I saw a mum I (sort of) know at the shops today. I slowed my trolly as she approached and moved the Quinoa on top of the frozen chips so she couldn't see them. She looked smarter than me, her hair was slick in a tight bun and she didn't have raspberry squeezy yogurt down the front of her shirt, like I do. Her tits looked perky. I'm not wearing a bra and my boobies hang loose, southwards, like floppy wind socks.
I like her, she is always friendly and welcoming, I hope to have a friendship with her one day. Before she got within greeting distance I quickly lick my finger and rub below my eye line to wipe away any rogue mascara that's wandered half way down my face, I pulled my knickers high up over the bulgy bit of my tummy, hoping she couldn't see my love handles behind the fully loaded trolley.
Yes, we can be friends... have coffees together and talk about trips to Bali, I think. I could picture us doing a pottery class together or getting our husbands to go for a beer.
She smiled and gave me a funny little wave and headed towards me clasping a shopping basket in the crook of her arm.
'Oh hi!' I pretend to be shocked to see her then I shower her with sickly compliments.
'where did you get that dress.... look at you... you look amazing... blah blah blah'
At that moment, because I like this lady, my personality is sucked out of me. I start acting like a twit. I talk fast, gibbering on about a great big load of rubbish. I can see her eyes glaze over as I nervously ask about the weather, the traffic and her children. We wince in unison as we realised we couldn't remember each others kids names. She nods and her eye brow raises at all the right points, as I drone on about nothing. When she starts to lose interest, looking at the mango chutney on the shelf behind me, I try and draw her back in with one of my go to hilarious stories.
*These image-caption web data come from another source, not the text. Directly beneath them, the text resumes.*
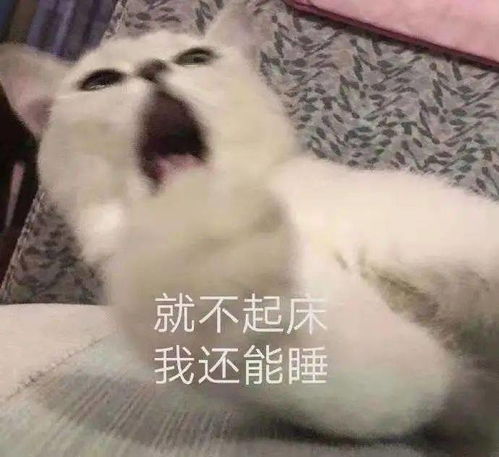 寒假攻略当我妈又嫌弃在家的我时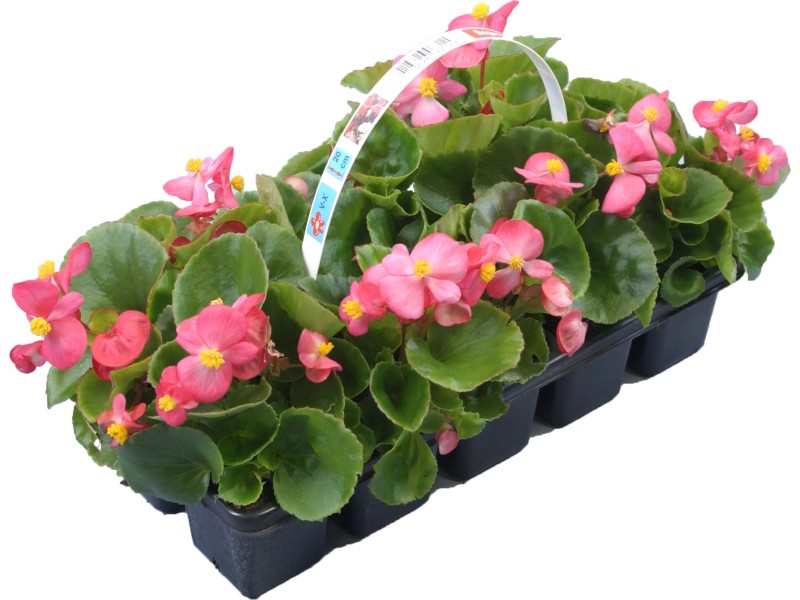 Begonien verschiedene Farben Höhe ca. 10 15 cm 10er Pack Begonia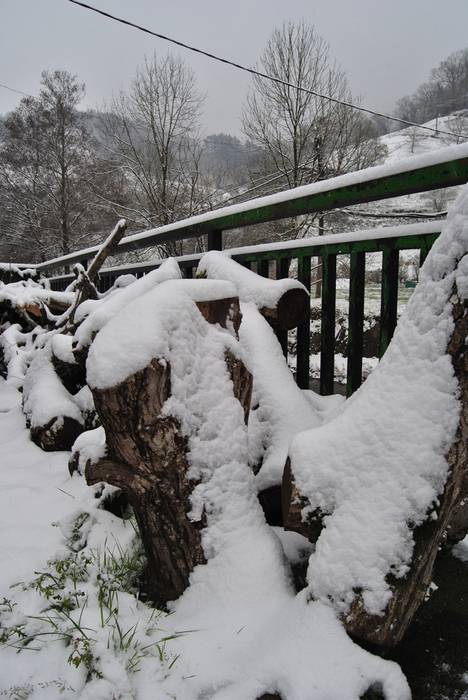 Argazki galeria: Tolosaldea, 7 1519809682691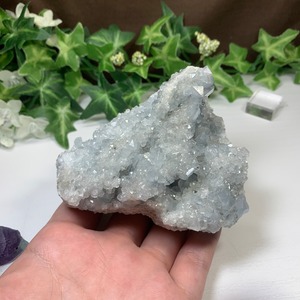 3.空色セレスタイトに住み着いているフローライトハリネズミさん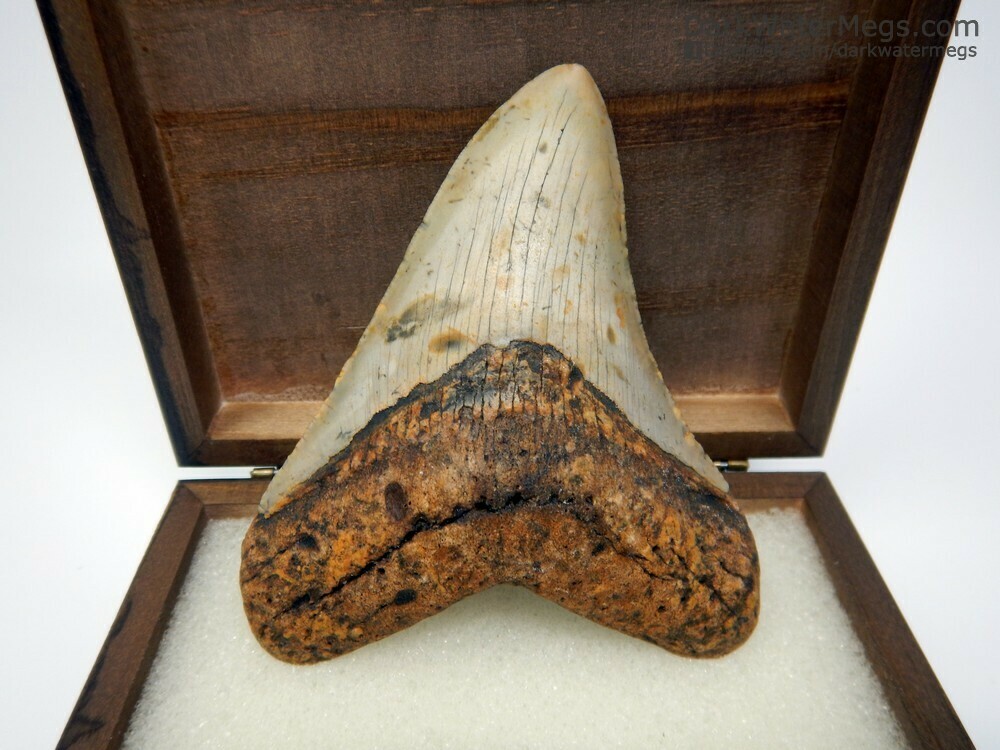 4.24&quot; beautiful dark orange root metalodon in box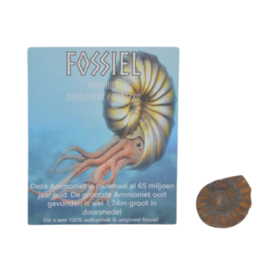 Fossiel ammoniet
Humour has always been my escape route...when in doubt, whack a gag in. It can be awkward. Especially in the pasta aisle of Aldi. People are there to shop then get on with their day. They have lists and babies in carriers. There I am, blabbing away, reeling off a story about the time I did a big wee in a teacup or how my finger got blown off by a firework or my friend that could fanny fart or some other shit waffle.
It's my nerves mixed with my need to impress. I hate it... yet I cant help it. In the last 2 years, since knocking that naughty poison on the head, I've begun to notice when and why I do this.... drum roll..
I make myself the main character in a story, it's my way of running away from my drink problem. I make a joke out of myself in order to make light of an out of control habit. I laugh at that mad - out of control girl - I laugh at me.
I worked out that the true me was getting lost between the punch lines. I was telling the world, and this perky titted acquaintance, farcical tales about someone else, not me. In order to be liked.... well, loved.
Throughout my life there's always been a room full of smiling faces, people enjoying my story telling. I was known as 'that funny girl, Vicky, with all the great stories'. I loved it, being the joker was my joy, my aim in life,
Make people happy, make them laugh and they will like me.
Even strangers, I poured myself over them like warm custard. I couldn't help it.
when I ran out of babble, the nice lady and I finished our conversation and swapped numbers. I'd charmed her into liking me, I'd tricked her, told some reliable oldies that had hooked her in. It sounds like an amicable exchange, but, it took everything out of me and I felt as if I'd set myself up for failure.
As she walked away I wondered how disappointed she's going to be when my stories have run out and she realises I'm not that fun afterall? Maybe our friendship had peeked right there in the Aldi aisle?
I felt tired when I got home, I was drained. Pretending to be 'that fun Vicky' is hard work. Its a front I put on to keep others happy. I give out all of my energy and become the butt of my own jokes. I dismissed my own self worth in order to please others. I do it all the fucking time. It leaves me feeling embarrased and full of anxiety. You'd never know I'm like this because it comes across as confidence... clever eh?
I'm unhappy I do this. I don't hate myself because I understand why. Fitting into friendship groups, work environments and well, life, dictates I act in a certain way. Coming across as fun and jovial is how I want to be perceived. But, unfortunately, being this way is detrimental to me. It leaves me weak and scared, paranoid of when the stories run out and all thats left is a boring sober mum with flappy tits.
Writing this blog is helping me understand these foibles. I'm learning to breathe before I launch into some sordid tale where I get a venereal disease or wake up with something stuck up my bottom. I don't want to stop being 'that girl' but maybe I can start being 'that woman' Leaning on humour is how I've always fitted in. My stories are who I am. but I'm discovering more of me. A person that is not just a fuck up or a punchline. A person who is worth being friends with because she is loyal and kind....
I'd like to meet up with that lady one day and let her get to know me. The jokes stripped away. I'd like not to care about her opinion of me... but I do.
If upon out next meeting she checks her watch or starts making lame excuses to leave I could always tell her the one about the ski instructor with the willy as big as a lumberjacks arm?......
pic - Having beaker fun with the baby and yes I really did blow my finger off with a firework.